No.101 「人として最も大切なこと」

hitorigoto

高校2年生の春、大好きだった伯母さんが他界した。
元気を絵に描いたような伯母さんが突然体調不良を訴え入院した。亡くなる数ヶ月前のことだった。
急性白血病との診断が下された。

伯母さんの名前は、和子。母の姉に当たる人だ。
母は6人兄弟の下から2番目、和子おばさんは上から2番目だ。
幼少期から、和子おばさんが母の面倒を見る役割だったとのこと。
それもあって和子おばさんと母はとても仲が良かった。
和子おばさんは、我々家族にとってなくてはならない人だった。
私は、和子おばさんが誰よりも好きだった。

和子おばさんの早すぎる死に、当時高校2年生の私は、これまでに感じたことのない深い悲しみに包まれた。
涙が涸れるほど泣いた。
しかし、自分よりも深い悲しみに包まれている人が周りにいることを、感じずにはいられなかった。
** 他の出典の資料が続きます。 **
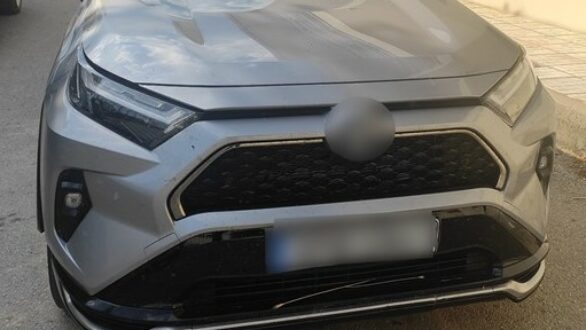 Προπομπός διακινητών με πλαστές πινακίδες – Κατέληξε σε κολώνα προσπαθώντας να διαφύγει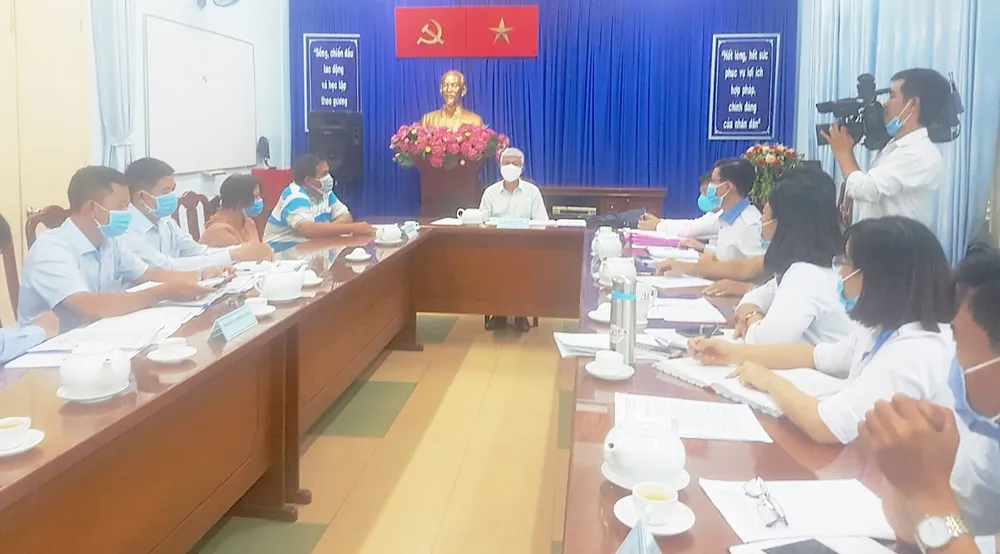 Phó Chủ tịch UBND TPHCM Võ Văn Hoan tiếp, giải quyết khiếu nại của công dân trong một vụ việc.  Ảnh: HOÀI NAM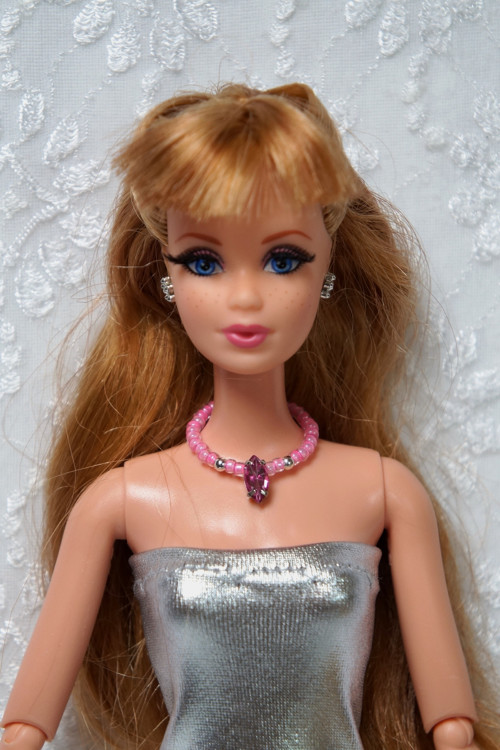 Šperk pro Barbie s kamínkem — foto 2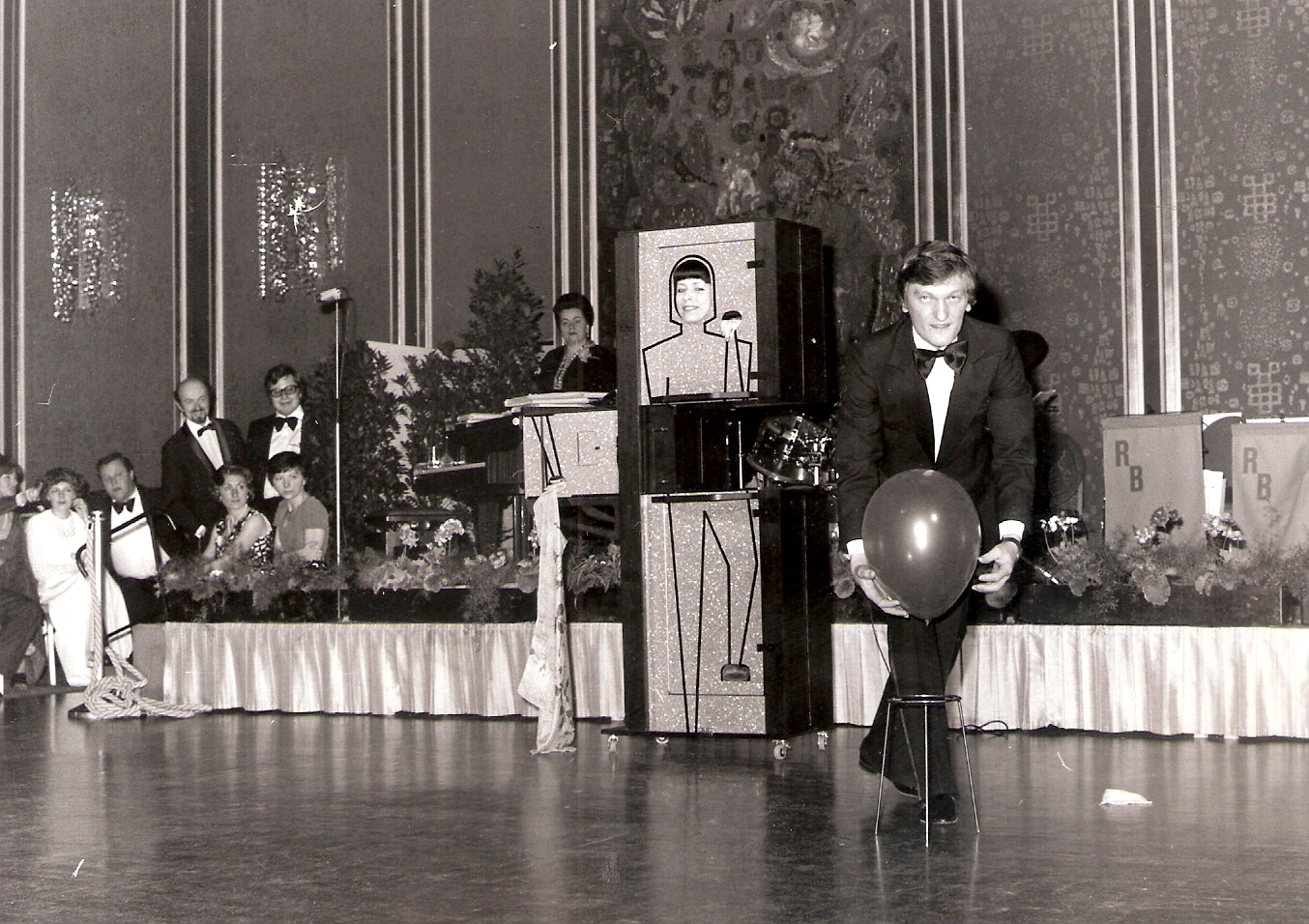 Ball der Magier Zig Zack Illusion Willi Seidl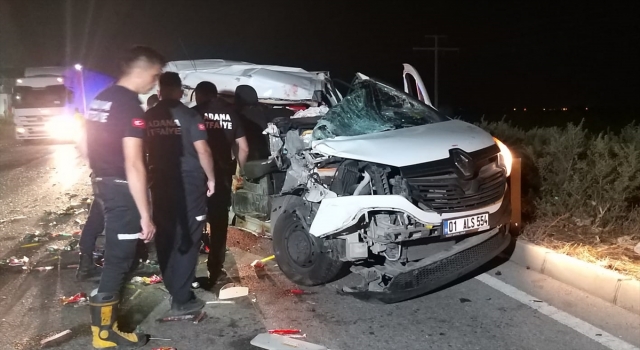 Adana’da tıra çarpan panelvandaki 2 kişi yaralandı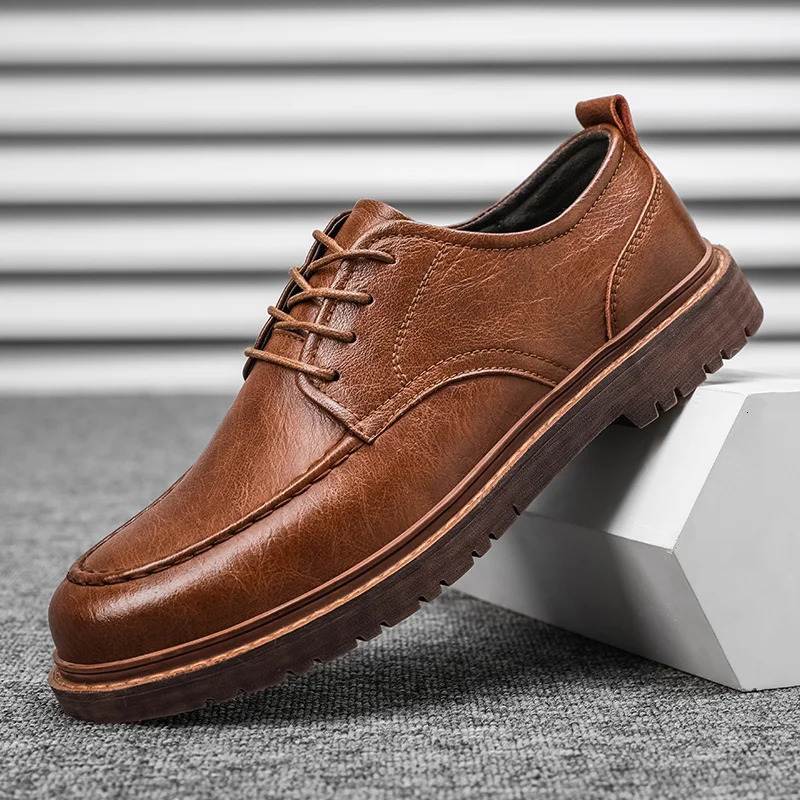 Autumn Men Shoes Brogue Casual Shoes Men Genuine Leather Shoes Work Boots Business Casual Sneakers 250613
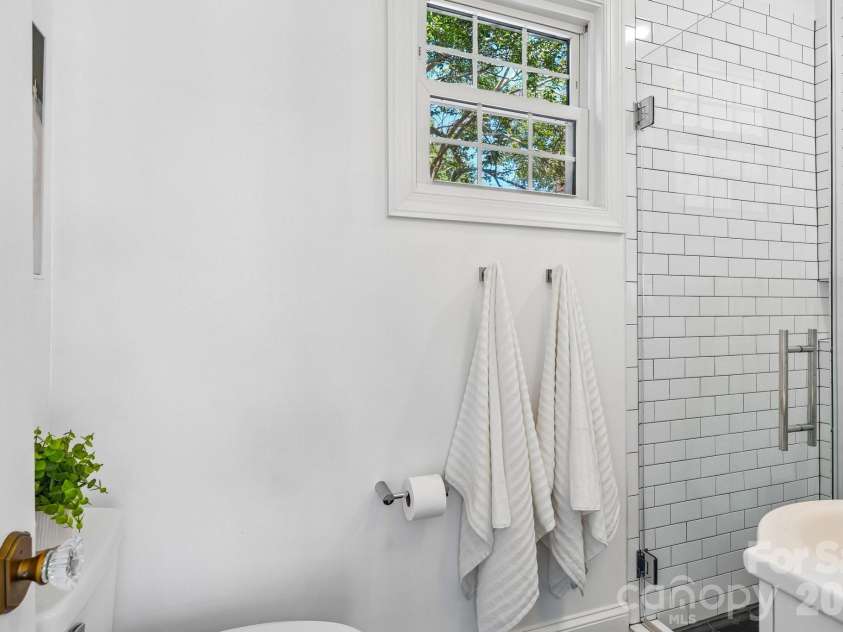 355 Union Street, Concord, NC 28025.  MLS# CAR4389819, YatesRealty ID 31379. 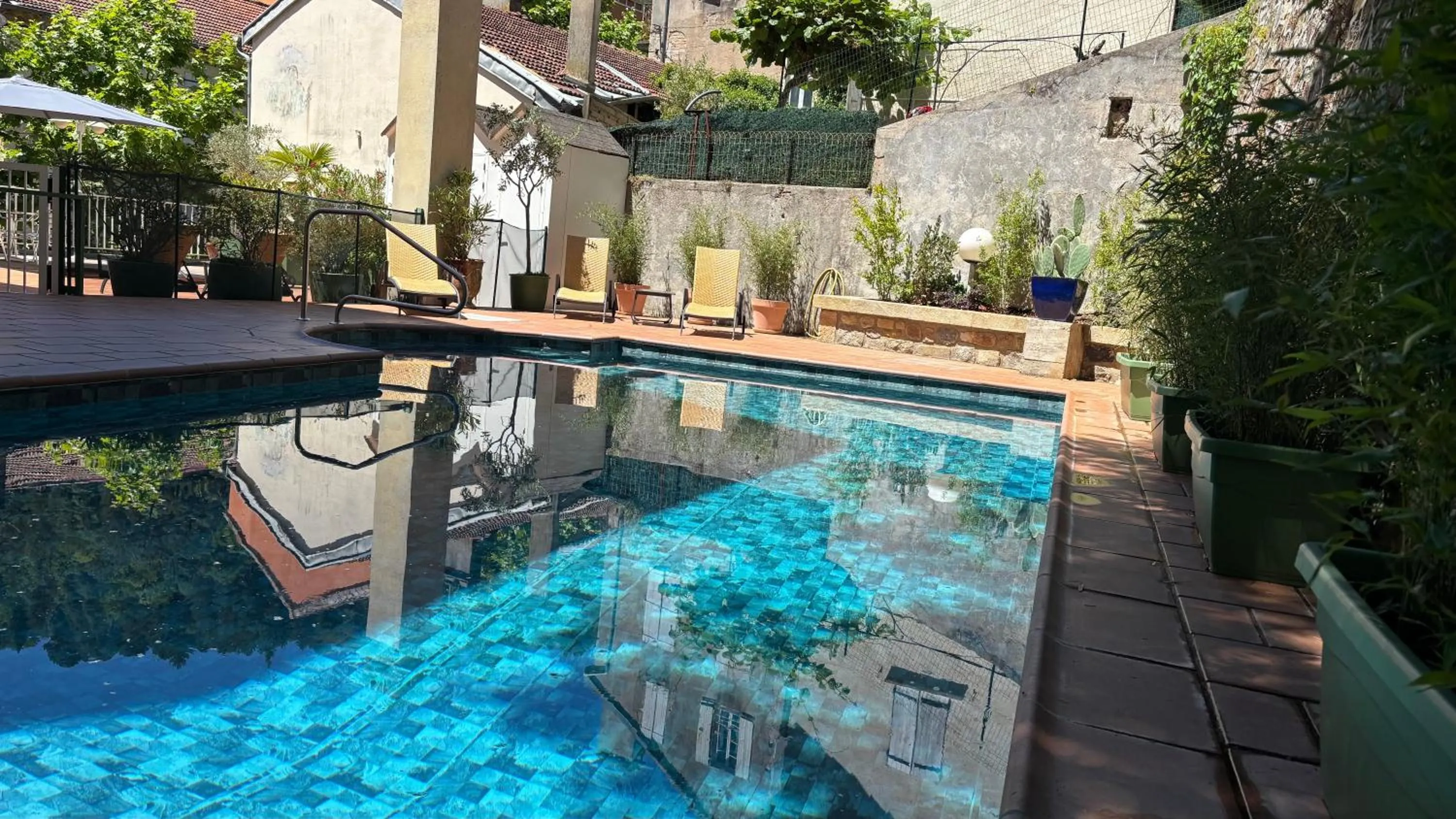 Swimming pool in Logis Hôtel Restaurant Grand Hôtel de Lyon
いつもひょうきんで明るい母から、笑顔が消えた。母から発せられるエネルギーが止まった感覚を覚えた。
母がどれだけのエネルギーを家族に発していたのか、どれほどの愛情を私に注いでいたのか、
母のエネルギーが止まることによって、はっきりと気づかされた。
母の計り知れない悲しみを悟った。

その母よりも深い深い悲しみに包まれている人がいた。
和子おばさんと母にとっての母。スヱお祖母さんである。
お別れの朝、和子おばさんを抱きしめ、
「親より先に逝く馬鹿たれがどこにおっとか!」「自分が代わりたか!」と、
人目もはばからず号泣するスヱお祖母さんの姿があった。
祖母の悲しみは私の想像を絶した。

和子おばさんの死によって感じた私の悲しみは、とてつもなく大きなものだった。
しかし、それ以上の悲しみを兄弟は感じ、そして、その比にならないくらいの悲しみを親は感じるのだと、
そのとき身をもって知った。

年間3万人を超える自殺大国日本。私は、これからも訴え続ける。

「絶対に順番を間違えてはいけない。」

人として、最も大切なことだから。